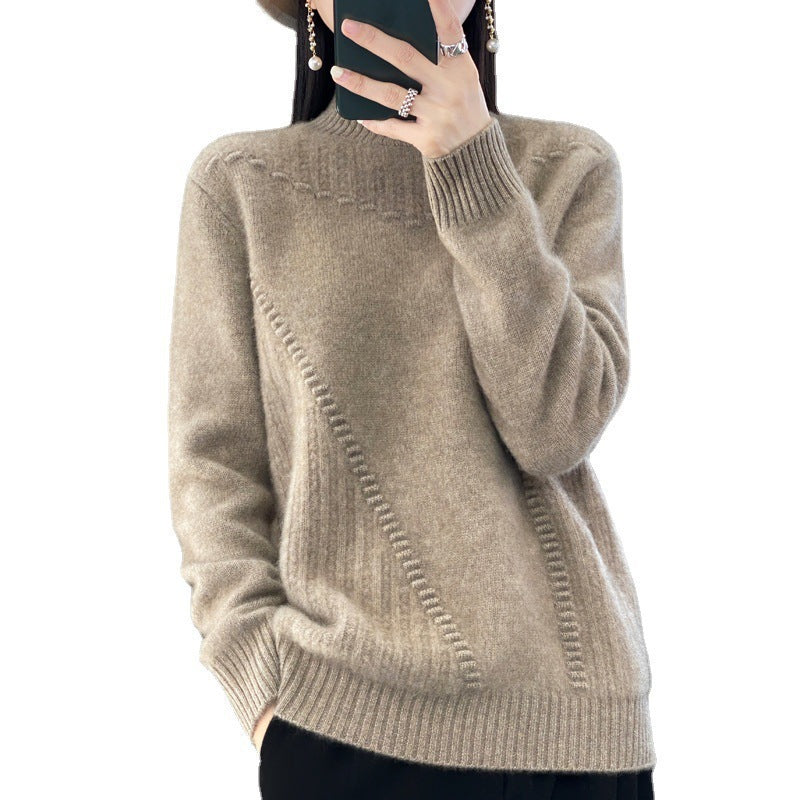 Kvinders strik sweater med struktureret krave og asymmetrisk snit Stilla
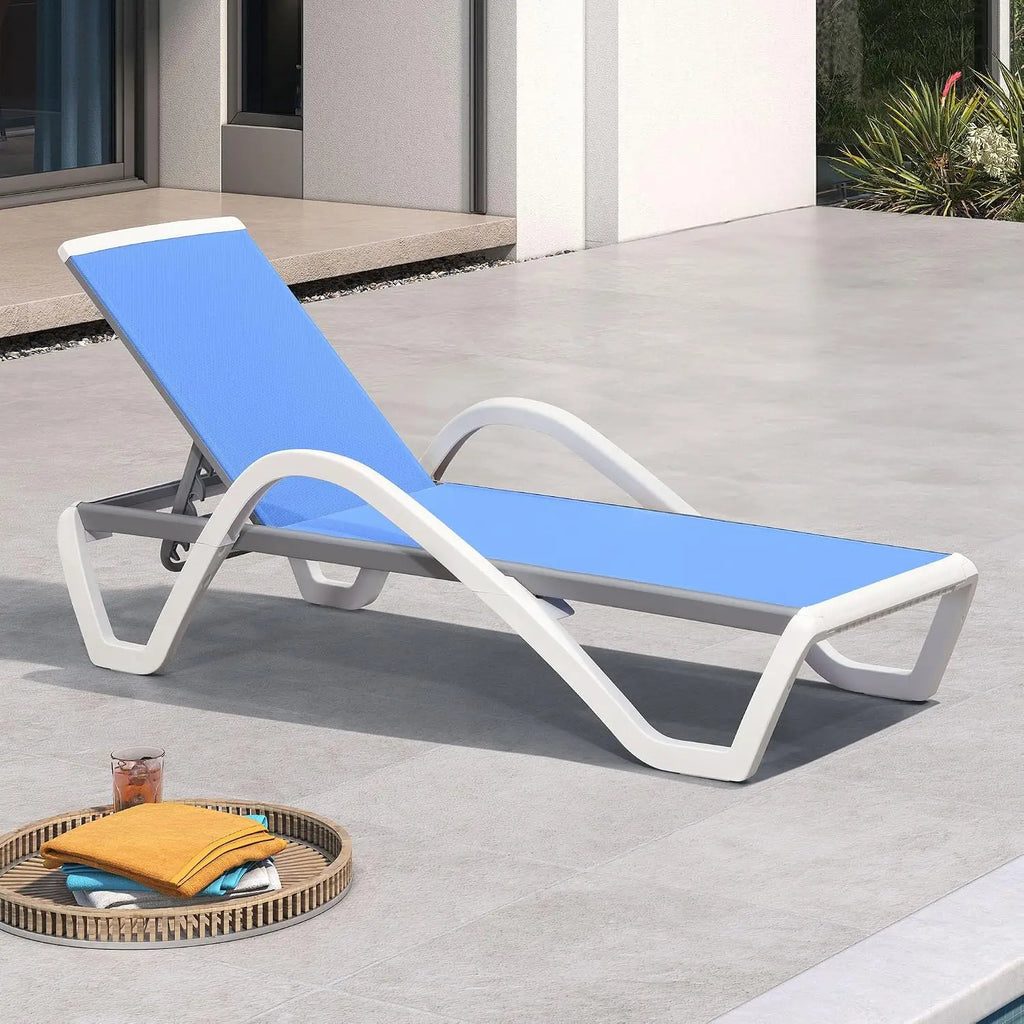 Stackable Plastic Chaise Lounge, 6-Position Reclining Flat Lay, PP & Textilene, Wheels, Outdoor Patio, Customized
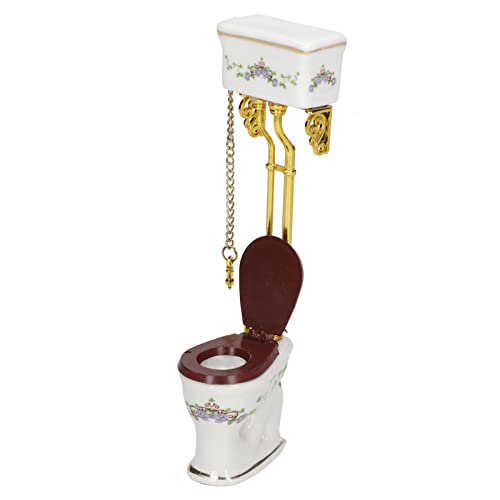 TOPINCN Nette Miniaturpuppenhaus -Toilette für Puppen mit 1/12 Skala, Keramikmetallmaterial Kunstliebhaber, Tragbar für Mikrolandschaften TOPINCN Nette Miniaturpuppenhaus -Toilette für Puppen mit 1/12 Skala, Keramikmetallmaterial Kunstliebhaber, Tragbar für Mikrolandschaften von TOPINCN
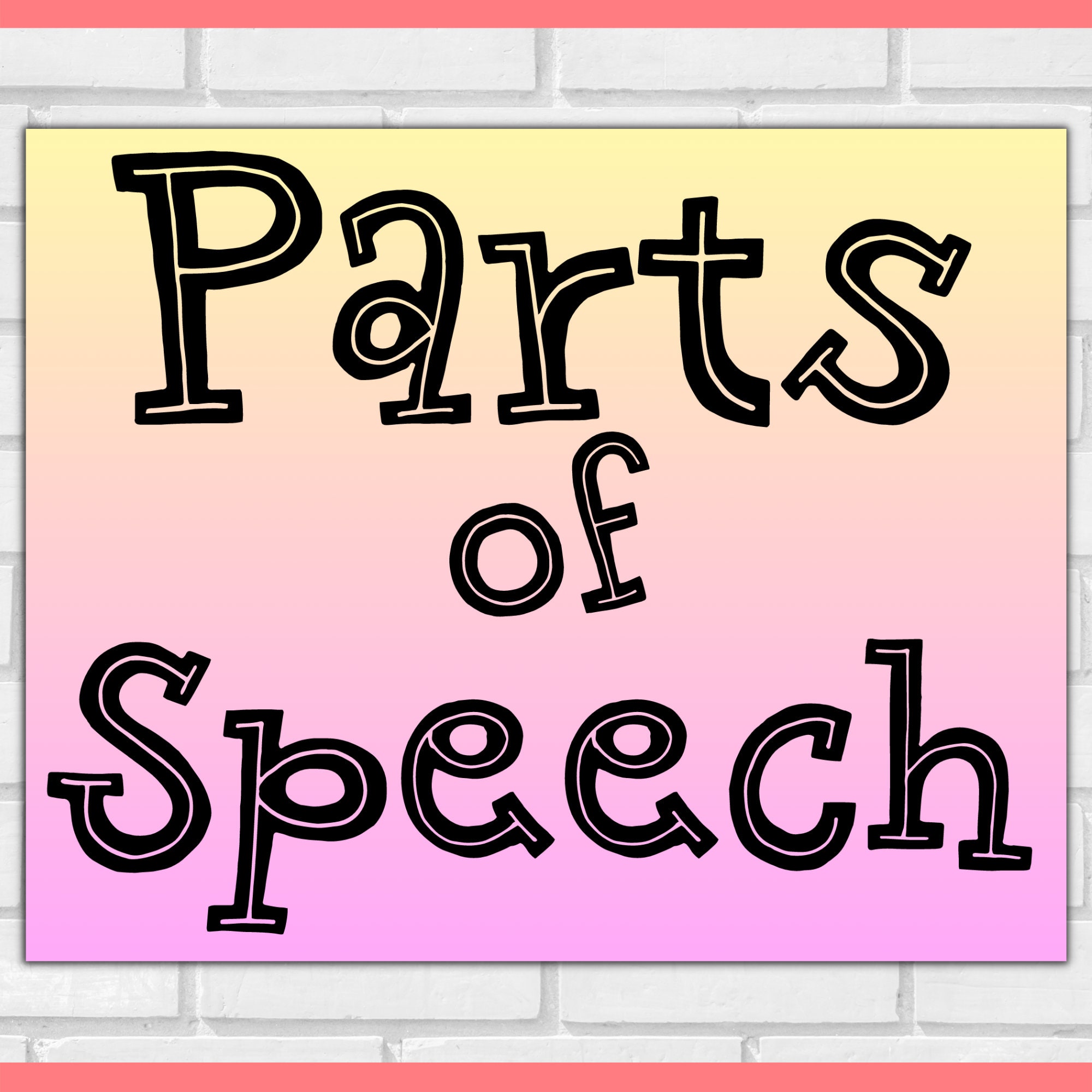 Parts of Speech Poster. English Grammar Poster. Classroom Decor
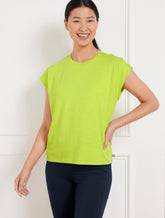 Button Shoulder Cap Sleeve Tee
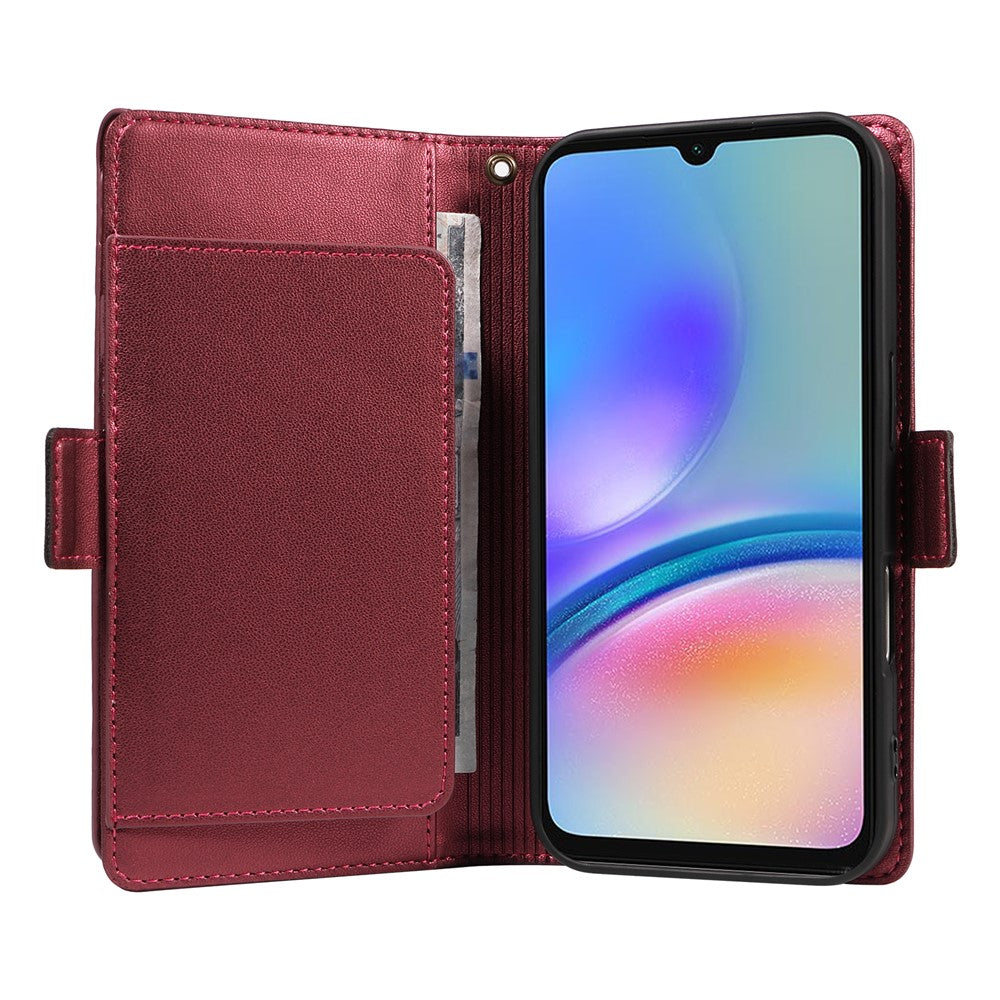 For Samsung Galaxy A05s 4G Case with Multi-Card Holder and Strap PU Leather Phone Cover Stand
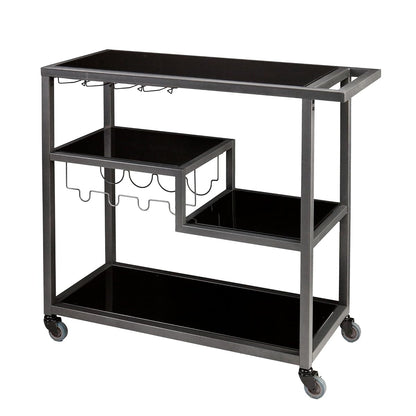 Holly & Martin Zephs Bar Cart - Grey - Iron Metal & Tempered Glass - Modern Design - Ideal for Living Rooms, Dining Rooms, Home Bars, 40" W x 16" D x 37.5" H (HZ8810)
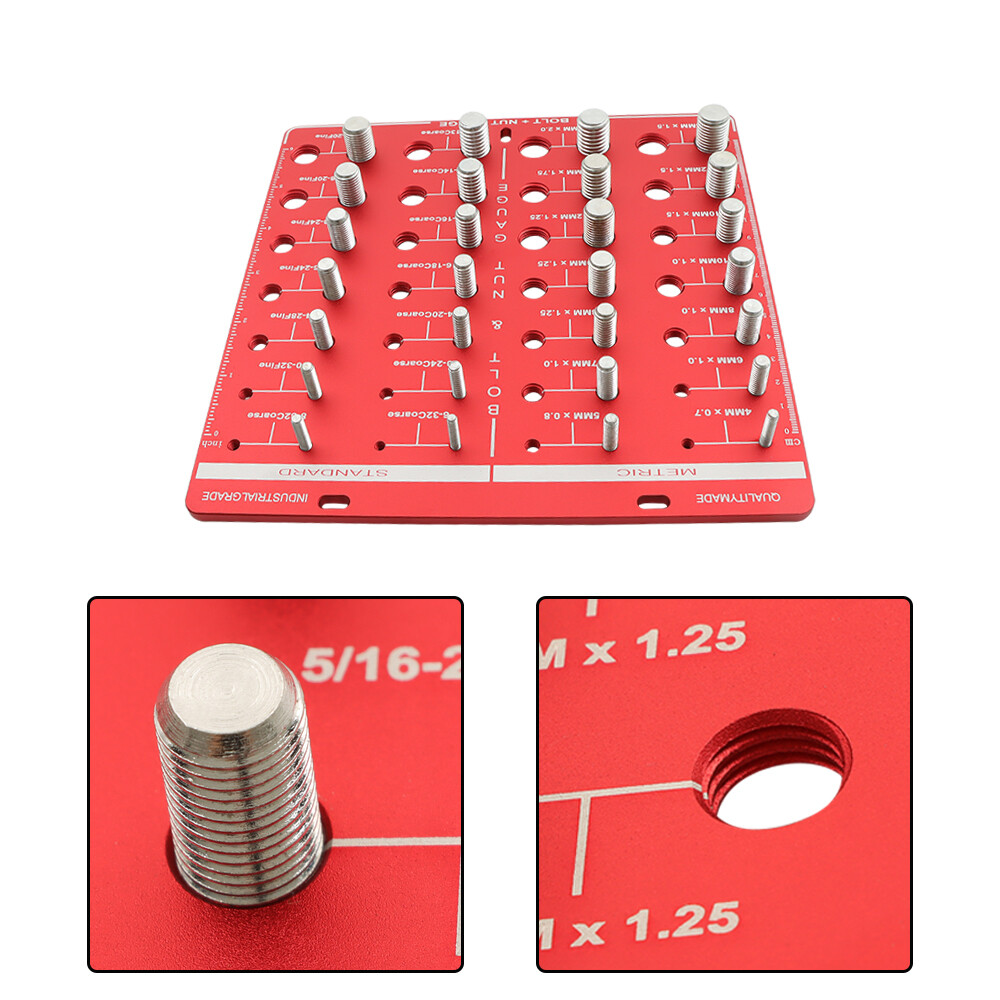 Nut and Bolt Thread Checker 28 Thread Identifier 14 Metric & 14 Standard Size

◇ ◇ ◇

▶ [TASK INSTRUCTIONS]
Without including any pictures, output all the entries above exactly.

▶ [REPLY]
 Kvinders strik sweater med struktureret krave og asymmetrisk snit Stilla
 Stackable Plastic Chaise Lounge, 6-Position Reclining Flat Lay, PP & Textilene, Wheels, Outdoor Patio, Customized
 TOPINCN Nette Miniaturpuppenhaus -Toilette für Puppen mit 1/12 Skala, Keramikmetallmaterial Kunstliebhaber, Tragbar für Mikrolandschaften TOPINCN Nette Miniaturpuppenhaus -Toilette für Puppen mit 1/12 Skala, Keramikmetallmaterial Kunstliebhaber, Tragbar für Mikrolandschaften von TOPINCN
 Parts of Speech Poster. English Grammar Poster. Classroom Decor
 Button Shoulder Cap Sleeve Tee
 For Samsung Galaxy A05s 4G Case with Multi-Card Holder and Strap PU Leather Phone Cover Stand
 Holly & Martin Zephs Bar Cart - Grey - Iron Metal & Tempered Glass - Modern Design - Ideal for Living Rooms, Dining Rooms, Home Bars, 40" W x 16" D x 37.5" H (HZ8810)
 Nut and Bolt Thread Checker 28 Thread Identifier 14 Metric & 14 Standard Size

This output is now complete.